--- Raw data Enclosed Below ---

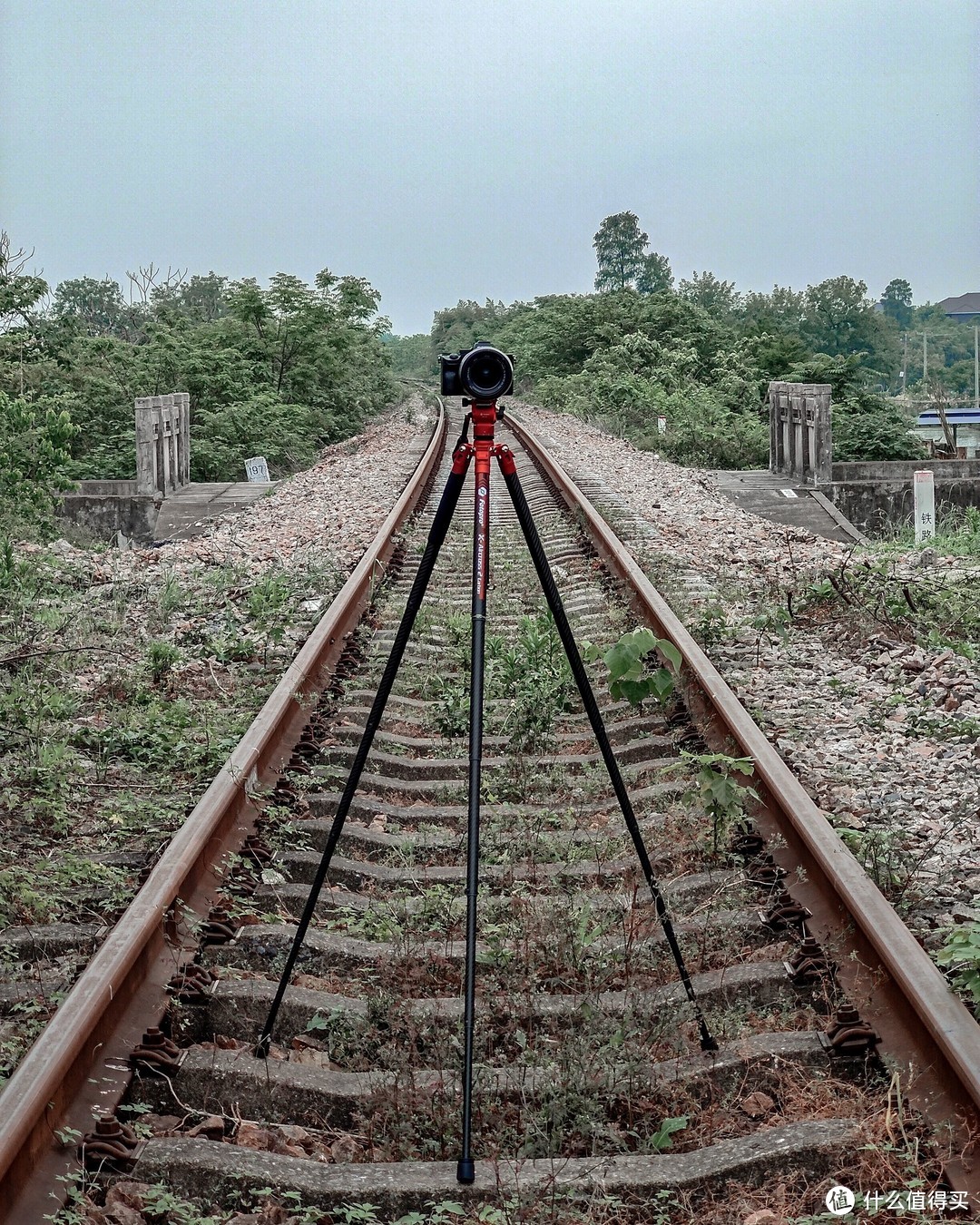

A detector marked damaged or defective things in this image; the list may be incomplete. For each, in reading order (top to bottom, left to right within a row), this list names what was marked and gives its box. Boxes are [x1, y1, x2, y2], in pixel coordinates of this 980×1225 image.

rusty rail [0, 401, 448, 1215]
rusty rail [505, 407, 980, 1191]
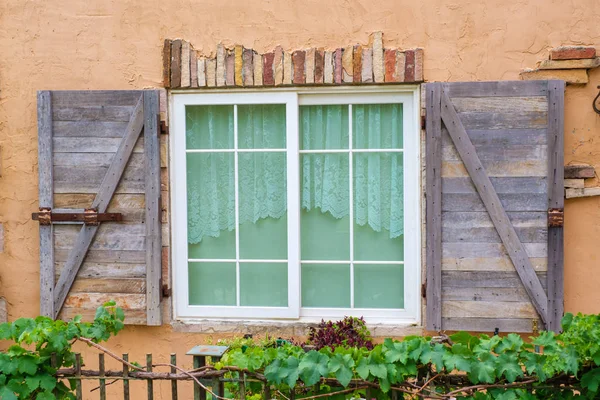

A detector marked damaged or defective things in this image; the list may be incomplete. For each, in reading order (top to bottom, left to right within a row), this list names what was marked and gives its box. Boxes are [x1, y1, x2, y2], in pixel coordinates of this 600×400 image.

rusty metal hinge [32, 209, 123, 225]
rusty metal hinge [548, 208, 564, 227]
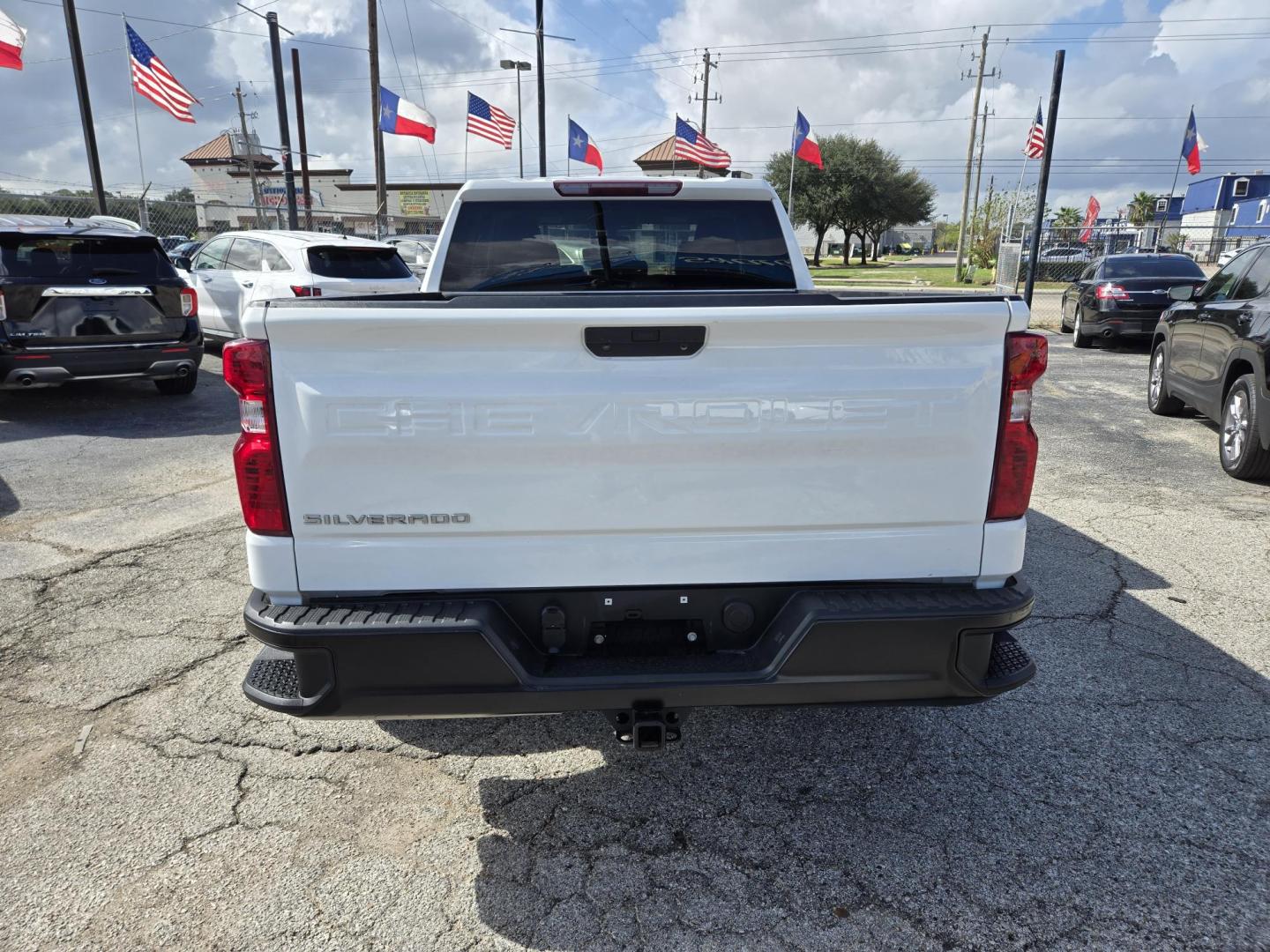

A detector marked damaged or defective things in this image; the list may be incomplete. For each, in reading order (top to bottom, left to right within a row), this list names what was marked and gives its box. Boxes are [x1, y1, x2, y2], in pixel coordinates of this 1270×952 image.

cracked asphalt pavement [0, 332, 1265, 949]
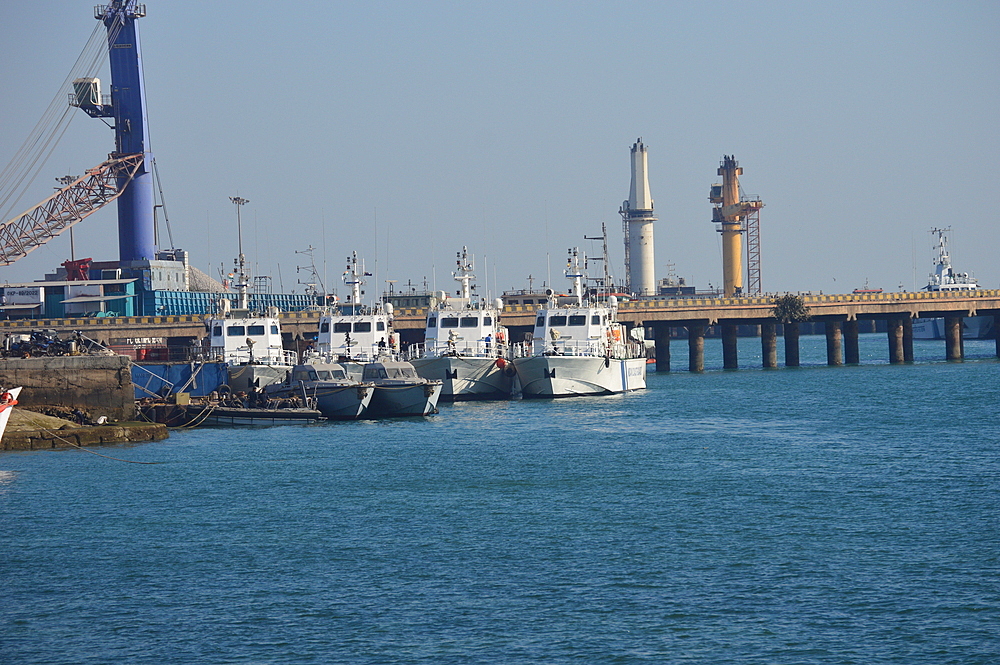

--- End of Enclosed Raw data ---

Exercise goal. Pictures do not belong in the copy. Output all of the records exactly.

Response area.
A detector marked damaged or defective things in this image; the list may be incomplete. For each, in reading order (top to bottom, left to right within a row), this list names what was marked and gives its box. Boxes are [x1, y1, x2, y2], in pixel coordinates of this 980×1225 image.

rusty rail [0, 401, 448, 1215]
rusty rail [505, 407, 980, 1191]

A detector marked damaged or defective things in this image; the list may be incomplete. For each, in reading order (top to bottom, left to right within a row), this list names what was marked and gives its box. Boxes are [x1, y1, x2, y2], in pixel coordinates of this 600×400 image.

rusty metal hinge [32, 209, 123, 225]
rusty metal hinge [548, 208, 564, 227]

A detector marked damaged or defective things in this image; the list may be incomplete. For each, in reading order (top to bottom, left to right within a row), this list names what was marked and gives its box. Boxes are [x1, y1, x2, y2], in pixel coordinates of this 1270×952 image.

cracked asphalt pavement [0, 332, 1265, 949]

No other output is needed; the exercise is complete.